Instructions to follow:
From the entries below, reproduce exactly the lines from the one with "Center console and" through the one with "Dos Patudos Villa *", both included, without images.

Data provided:

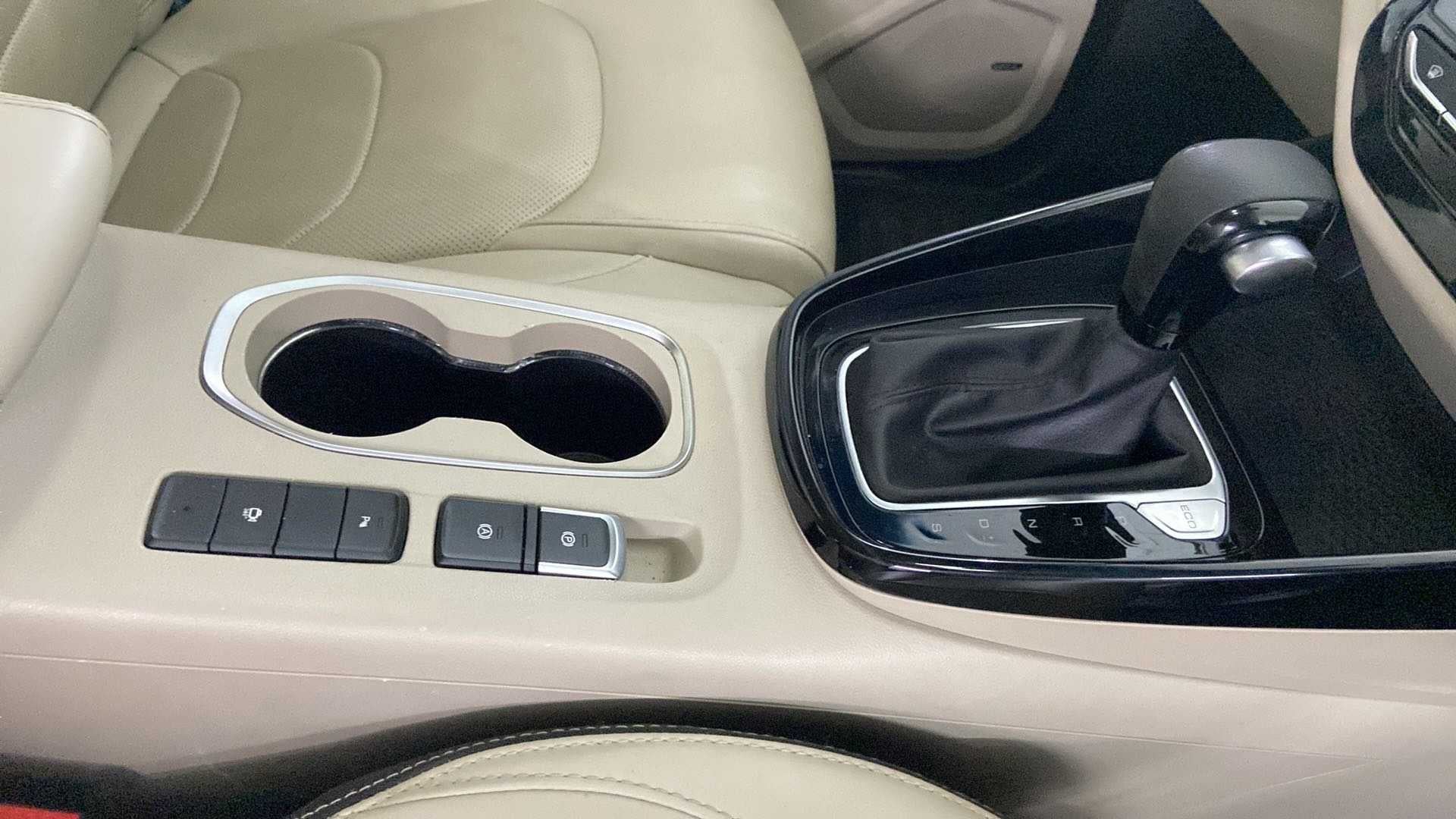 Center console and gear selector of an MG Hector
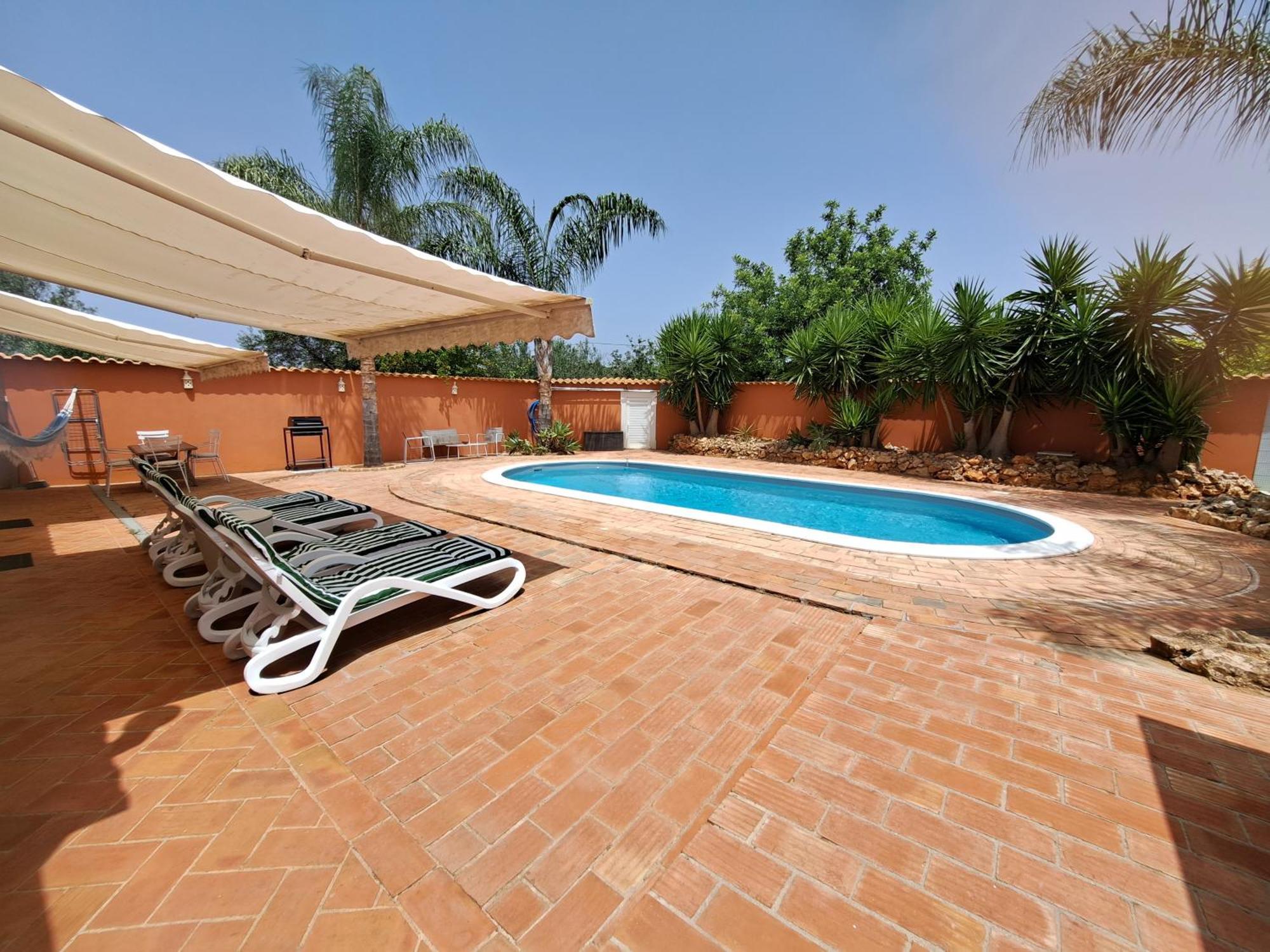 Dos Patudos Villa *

--

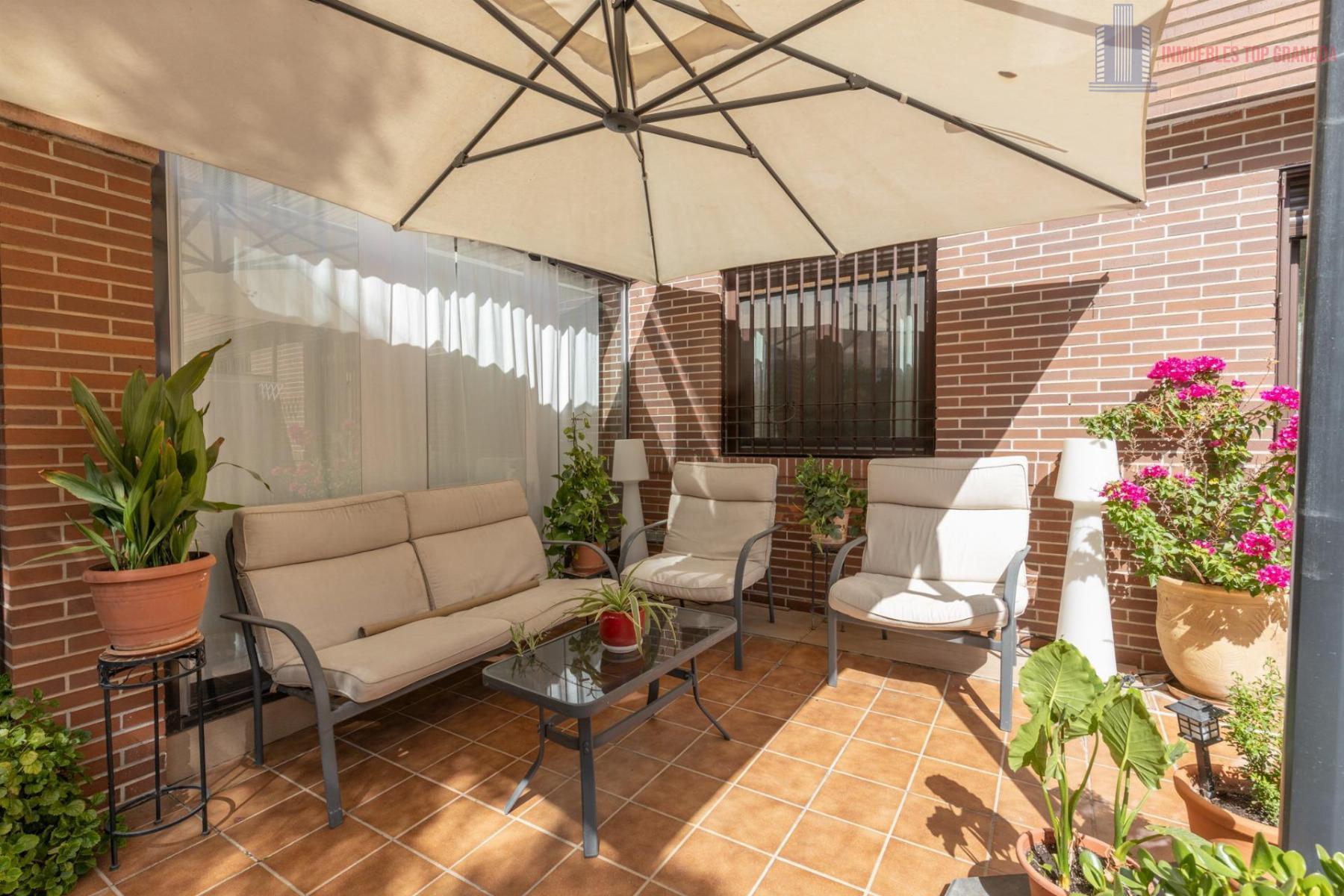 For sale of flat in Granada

...

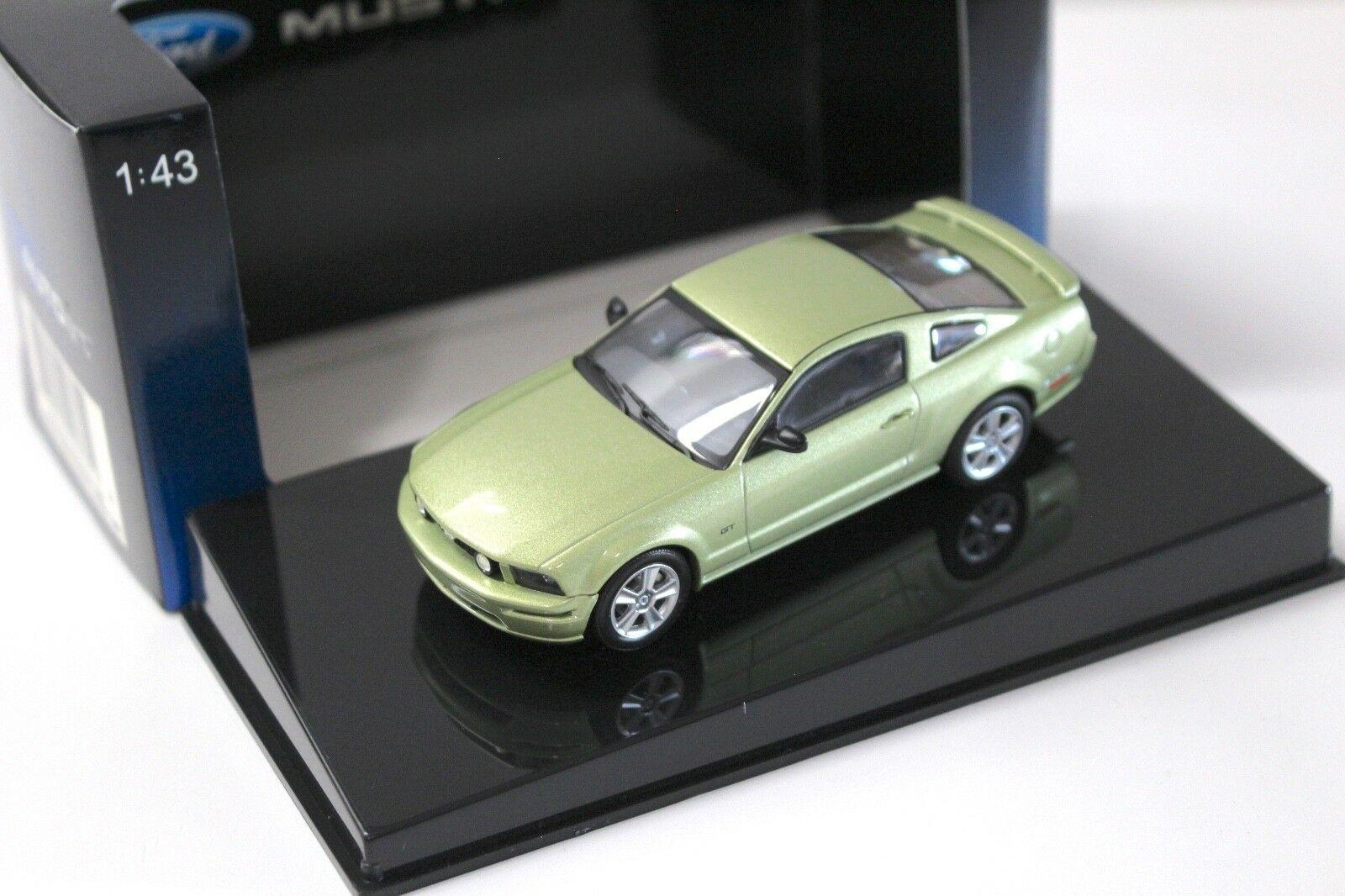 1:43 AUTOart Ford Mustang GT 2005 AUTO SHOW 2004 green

Answer for the task:
 Center console and gear selector of an MG Hector
 Dos Patudos Villa *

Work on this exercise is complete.